充電器タイプに加えて、日産は、MCリテールエナジー、出光興産、ENEOS、LoooP、ミツウロコなど、新電力や大手インフラ事業者が提供する再生可能エネルギー100%電力プランを推奨しています。これらの申込サイトでは、日産が参加しているキャンペーンコードが使えます。

集合住宅ではどうなるの?

先日、テレビ朝日「報道ステーション」で、筆者がBEV充電についてコメントした際、同番組のキャスターが「実は、私もBEV購入を考えたことがあったのですが、自宅マンションの管理組合での協議がまとまらずBEV購入を断念した」というエピソードを紹介しました。こうした集合住宅問題は全国各地に存在します。マンションの敷地や駐車場施設はマンション住民が共同で管理する規定である場合が多いため、一部住民向けに普通充電器を常設するコストを管理組合として捻出することに対し「住民負担として公平性が損なわれる」として反対意見を唱える人が少なくないのが実情です。

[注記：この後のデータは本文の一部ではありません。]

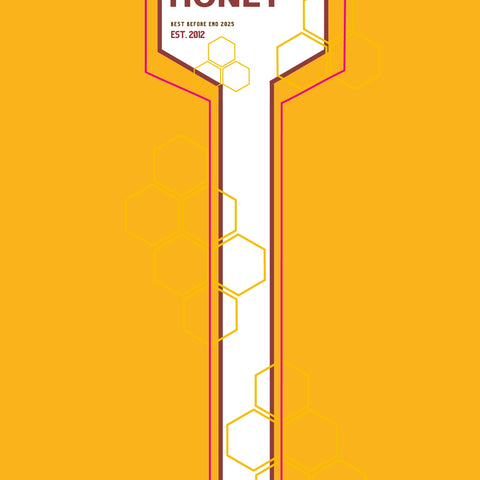 Tamper Evident Honey Label Design 5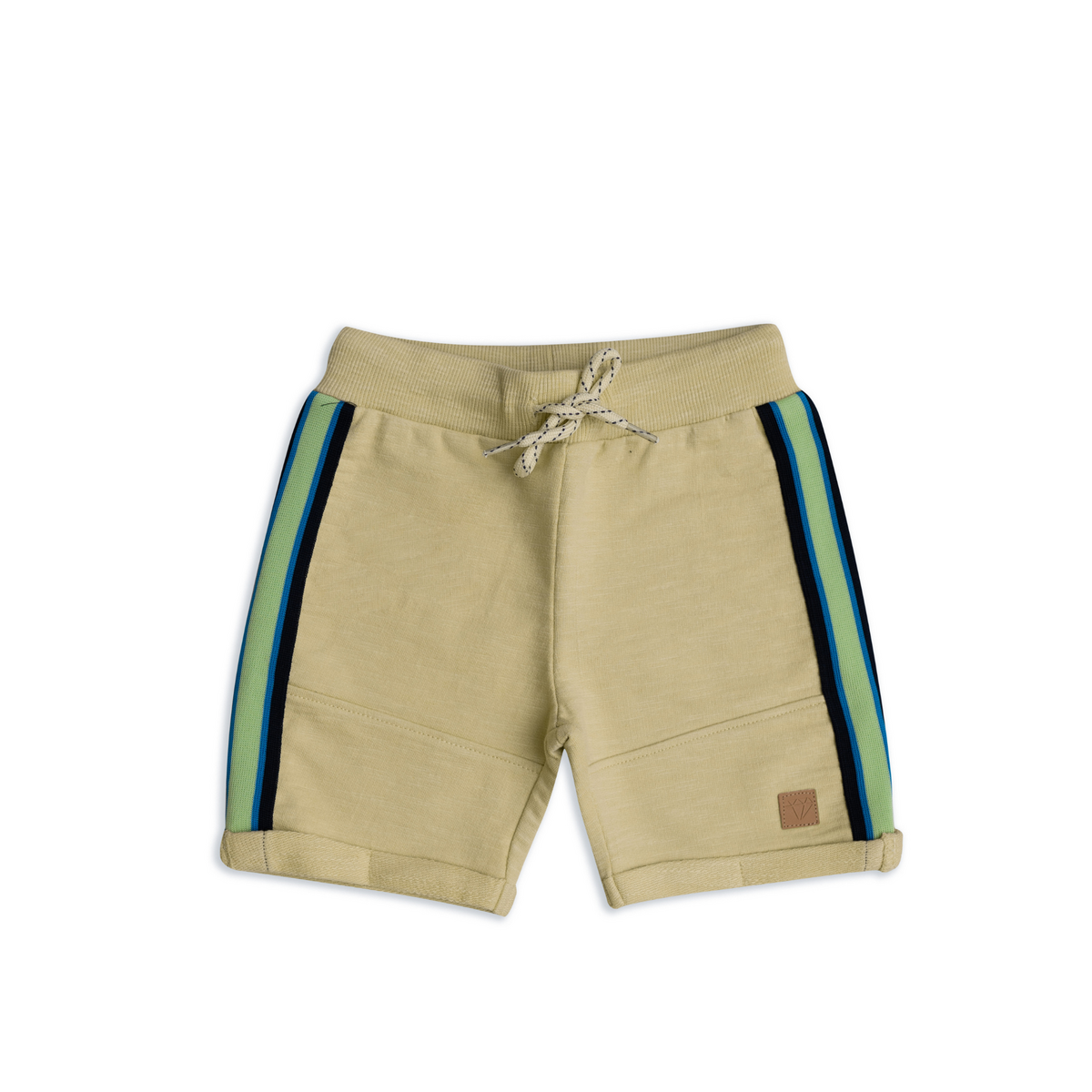 Baby Jongens Shorts "Semolina" (Side Stripe Detail)
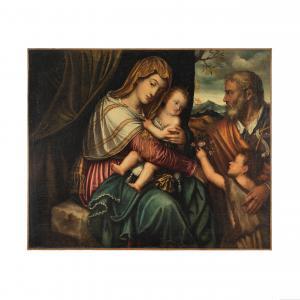 FRANGIPANE Niccolo,Sainte Famille avec Saint Jean Baptiste,1593,Cornette de Saint Cyr 2024-04-16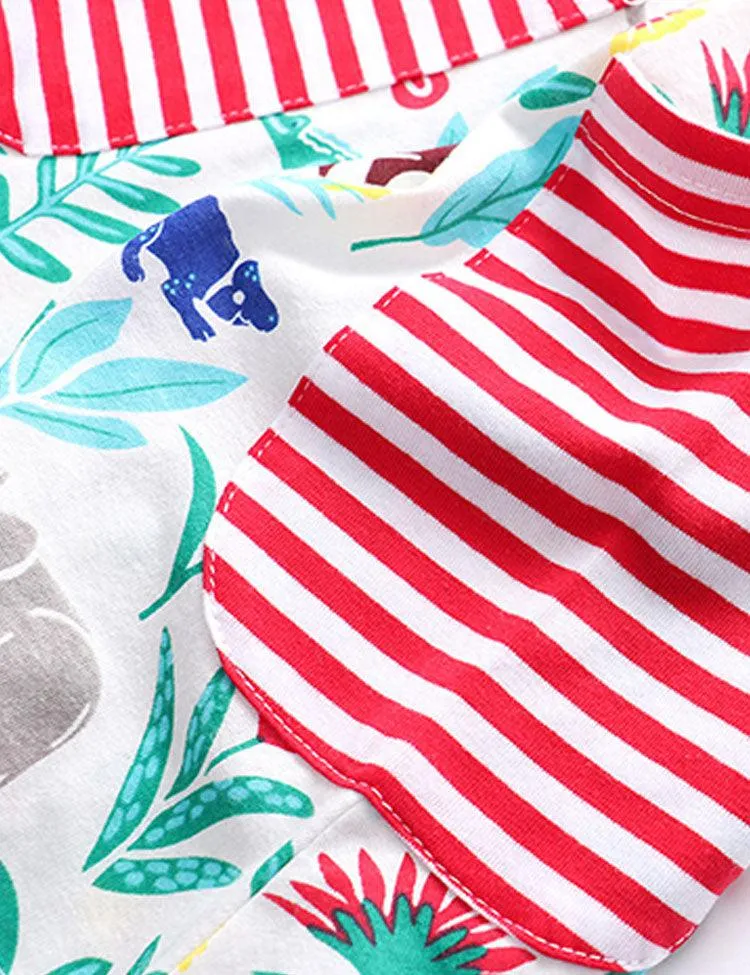 Animal and Plant Printed Dress - Image 2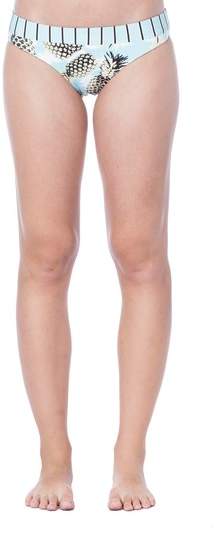 The Bikini Lab Pineapple Banded Hipster Bikini Bottoms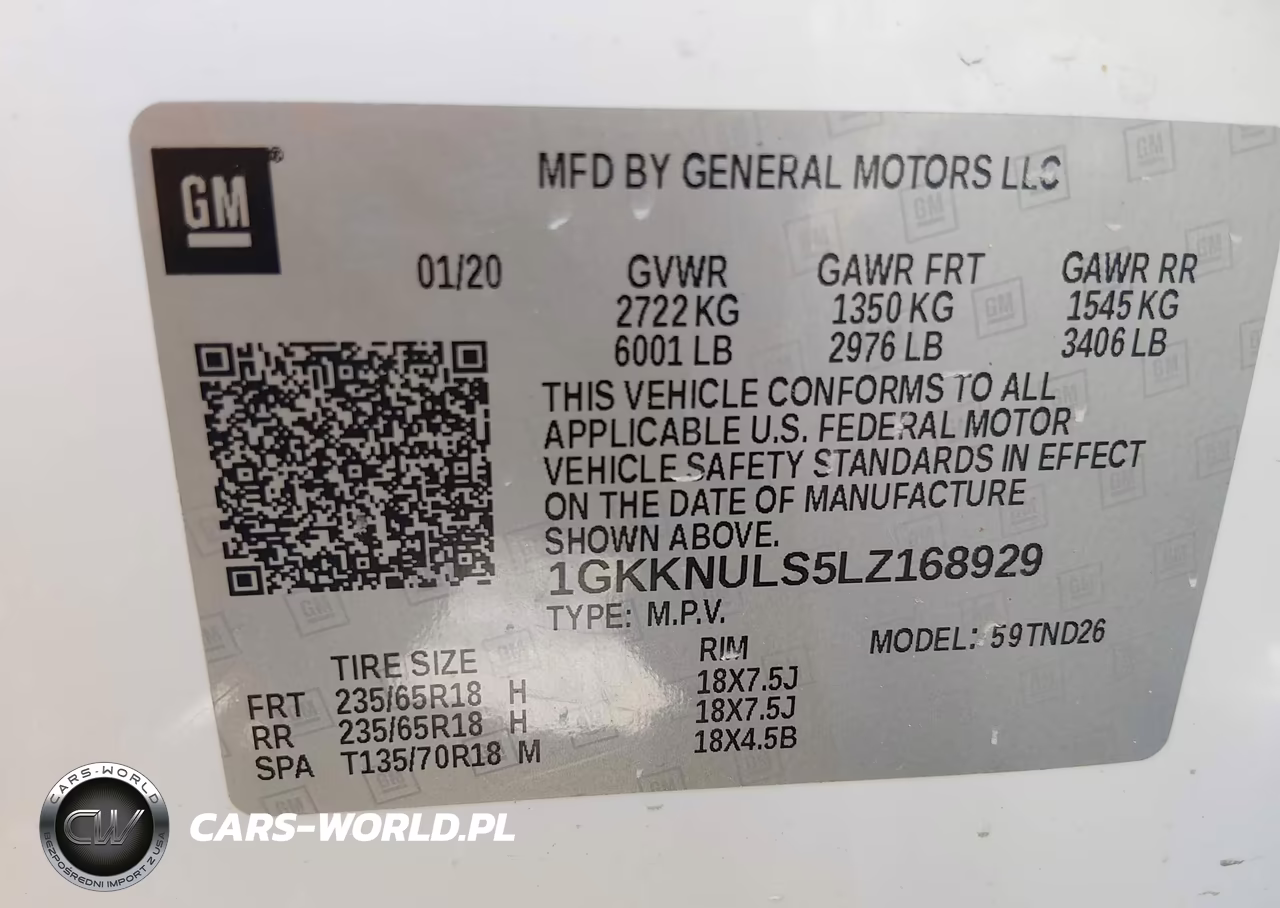 2020 GMC Acadia Awd Slt VIN:1GKKNULS5LZ168929 - 9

そうした中、最近ベンチャー企業が新しいビジネスモデルを提案しています。それは充電機器の設置についてのすべてのコストを企業側が負担し、スマホなどで利用者確認をすることで簡単に充電できるシステムです。こうした企業にとっての収益は、システム全体のマネージメント費用から捻出します。これは利用者から直接受け取るため管理組合には費用の負担がないという考え方です。使用した電気量に応じた電気代は、これら企業から管理組合側に返金される仕組みです。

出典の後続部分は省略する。